I have a 1946 Packard that a customer brought in a while ago that we are going to have to build a complete custom suspension for. No C6 stuff with trans axles, just a 5.3liter LS engine with 4L60E. It will have updated rear leaf springs in the rear. But the front suspension is almost impossible to get parts for and who would want to use it any ways, the steering in those days did not return to center and and was not built to do much over 55mph, maybe. I have looked at using the stock pick up points and build new control arms to those since we lowered the ride height the geometry would be Descent. But the crossmember curves forward to clear the old straight 8 flat head engine. Now I started with the tires he wants to run ( Caddy wire wheels) which have a 28" diameter in the front with the tires. But the wheels only come in a 5 on 5" bolt pattern. So that limits the avalible spindle and brake options real quick. Wilwood had a 13 kit with 5 on 5" pattern with their Pro spindle but those would not clear or even work with a 15" wire. So
I got a set of 98 chevy truck spindles for 100 bucks from the junk yard. They have 5 on 5" pattern stock. I'm working on figuring on the ride height of the chassis and will set the spinldes at the spindle height of the desired tires at the rough track width I'm looking for. Then I will set up the rack at the height the spindle's steering arms.

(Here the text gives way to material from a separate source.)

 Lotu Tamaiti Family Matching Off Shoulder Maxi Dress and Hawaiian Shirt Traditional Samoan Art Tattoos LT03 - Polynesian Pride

I will then figure out a good upper control arm length and ratio to the bottom to optimise bumpsteer with the standard 24" center AGR rack.
I'm not trying to make a super corner carver Packard, but there is no front suspension kit on the market that I found that will suit my needs so we will build it. Same theory just not as high tech I suppose.
take it for what it's worth, probably not much
Rodger
chevyIIpost
03-03-2009, 12:13 PM
Cool! Thanxs guys for the input. How about some plus or minus ranges for general guidelines in the street performance range.
Camber gain per inch..................
Static caster..................
Roll center height.................
Bump steer................
Ackerman.............
Anti dive %..................
How about some software recommendations?
Where do you guys source specs from for stock components?
Which stock components do you like to work with? I will assume C5/C6 as one option that works well?
Which after market components or sources do you guys like? (ARG, Maval/Unisteer, Stock car products)?
Who is will to do consulting work in this area for a fee?
novanutcase
03-10-2009, 12:23 AM
Numbers?:)
John
ccracin
03-10-2009, 04:37 AM
Numbers?:)
John
I second the motion! I'm finally free from the bug that held me down and am trying to do some work on this. But, what I think the numbers should be are not what people want. Where are you suspension guru guys? Please don't stop the enlightenment! :D
novanutcase
03-10-2009, 09:41 AM
I second the motion! I'm finally free from the bug that held me down and am trying to do some work on this. But, what I think the numbers should be are not what people want. Where are you suspension guru guys? Please don't stop the enlightenment! :D
YEAH! Don't stop!
We're still trying to take the pebble from your hand!:lol:
http://i56.photobucket.com/albums/g170/novanutcase/kungfuwhenpebble.jpg
John
Silver69Camaro
03-10-2009, 10:19 AM
I'd love to provide a "general" list of specs, but I can't really. I have to do that on a case-by-case basis.
You could say the specifications I listed previously works for vehicles similar to a well-prepared first-gen Camaro. I wouldn't stick it on a Chevelle or a '55 Chev if you wanted the best of performance. But honestly, you could put it on most vehicles and just swap springs and ARBs to match the new vehicle.